Arizona parents who are divorcing will also need to come to an agreement regarding child custody and visitation. This is ideally decided by themselves in furtherance of the child’s best interests, but when that is not possible, the court will step in and make a decision.
A custody order is generally opened for a legal divorce or separation, a paternity suit or to renegotiate earlier custody arrangements. There are guidelines around the altering of previous arrangements including a requirement to wait one year after an earlier order unless there are circumstances like abuse. Parents have the opportunity to use mediation to come to an agreement before the case goes to court. Custody may also be extended to individuals who have a parental-like relationship with the child.
The first decision will be whether the parents have joint physical custody and joint legal custody or if one will have sole custody. Physical custody concerns where the child lives while legal custody is related to decisions about the child such as those related to education and health.

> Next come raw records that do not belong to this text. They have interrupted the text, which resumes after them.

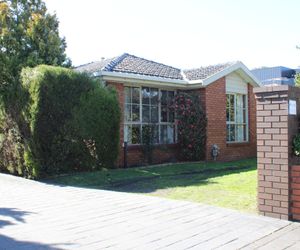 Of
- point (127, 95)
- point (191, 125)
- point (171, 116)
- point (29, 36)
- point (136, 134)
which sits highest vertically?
point (29, 36)

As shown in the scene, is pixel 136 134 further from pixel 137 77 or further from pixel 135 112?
pixel 137 77

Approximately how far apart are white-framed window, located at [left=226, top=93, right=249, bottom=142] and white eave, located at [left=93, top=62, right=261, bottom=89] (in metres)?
0.98

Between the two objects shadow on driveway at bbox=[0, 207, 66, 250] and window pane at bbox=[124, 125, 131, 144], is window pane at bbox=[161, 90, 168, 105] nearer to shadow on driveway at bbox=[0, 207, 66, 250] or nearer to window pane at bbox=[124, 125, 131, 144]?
window pane at bbox=[124, 125, 131, 144]

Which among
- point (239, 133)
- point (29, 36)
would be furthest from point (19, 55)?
point (239, 133)

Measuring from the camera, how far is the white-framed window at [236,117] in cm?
1797

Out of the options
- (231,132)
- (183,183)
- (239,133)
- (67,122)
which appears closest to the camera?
(183,183)

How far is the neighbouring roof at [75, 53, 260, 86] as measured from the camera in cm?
1451

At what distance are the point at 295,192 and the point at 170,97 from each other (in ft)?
35.1

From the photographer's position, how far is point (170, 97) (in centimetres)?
1662

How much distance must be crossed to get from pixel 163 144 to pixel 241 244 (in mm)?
10956

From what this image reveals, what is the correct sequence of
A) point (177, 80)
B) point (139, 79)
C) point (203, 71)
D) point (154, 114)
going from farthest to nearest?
point (203, 71), point (154, 114), point (177, 80), point (139, 79)

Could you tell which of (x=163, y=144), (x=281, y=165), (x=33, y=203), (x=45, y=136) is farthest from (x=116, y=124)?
(x=281, y=165)

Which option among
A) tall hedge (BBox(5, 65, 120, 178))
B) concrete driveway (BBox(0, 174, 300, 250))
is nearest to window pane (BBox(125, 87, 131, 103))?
tall hedge (BBox(5, 65, 120, 178))

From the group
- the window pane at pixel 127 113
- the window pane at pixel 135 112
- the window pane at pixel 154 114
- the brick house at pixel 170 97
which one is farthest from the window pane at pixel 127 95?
the window pane at pixel 154 114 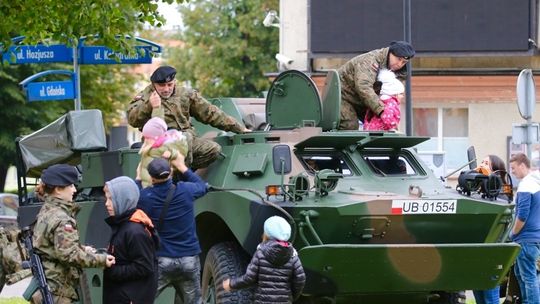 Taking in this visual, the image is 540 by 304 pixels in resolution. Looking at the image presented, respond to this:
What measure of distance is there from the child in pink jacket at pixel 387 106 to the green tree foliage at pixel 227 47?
32.8 metres

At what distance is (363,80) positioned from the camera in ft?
45.5

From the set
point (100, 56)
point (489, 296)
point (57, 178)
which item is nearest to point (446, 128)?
point (100, 56)

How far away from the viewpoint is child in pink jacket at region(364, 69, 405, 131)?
13.8m

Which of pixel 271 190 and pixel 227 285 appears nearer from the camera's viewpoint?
pixel 227 285

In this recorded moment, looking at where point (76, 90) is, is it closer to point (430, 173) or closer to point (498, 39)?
point (430, 173)

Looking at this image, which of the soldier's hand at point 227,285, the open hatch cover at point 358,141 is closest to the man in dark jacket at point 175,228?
the soldier's hand at point 227,285

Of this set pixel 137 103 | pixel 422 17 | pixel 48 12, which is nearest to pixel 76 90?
pixel 48 12

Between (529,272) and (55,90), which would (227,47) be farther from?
(529,272)

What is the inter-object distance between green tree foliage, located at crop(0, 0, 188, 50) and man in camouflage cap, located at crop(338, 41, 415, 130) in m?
2.95

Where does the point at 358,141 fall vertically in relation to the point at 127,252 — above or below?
above

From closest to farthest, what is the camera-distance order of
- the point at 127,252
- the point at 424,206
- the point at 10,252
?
the point at 127,252, the point at 424,206, the point at 10,252

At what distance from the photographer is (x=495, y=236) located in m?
12.4

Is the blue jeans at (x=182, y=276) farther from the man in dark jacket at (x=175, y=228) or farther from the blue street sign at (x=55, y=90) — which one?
the blue street sign at (x=55, y=90)

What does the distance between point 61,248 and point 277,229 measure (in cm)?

Parenting time refers to the time spent with the child for the parent who does not have primary child custody, and in most cases, it is a requirement to grant a parent this time. In the case of unmarried parents, paternity must be determined before any other custody issues are worked out. Two parents might come to agreements on child custody and visitation, but then one parent might have to move for a job. That parent would have to give two months’ notice, and the other parent might have the option to stop the move. If the parents cannot agree about a move required for work, it may be necessary for the courts to step in.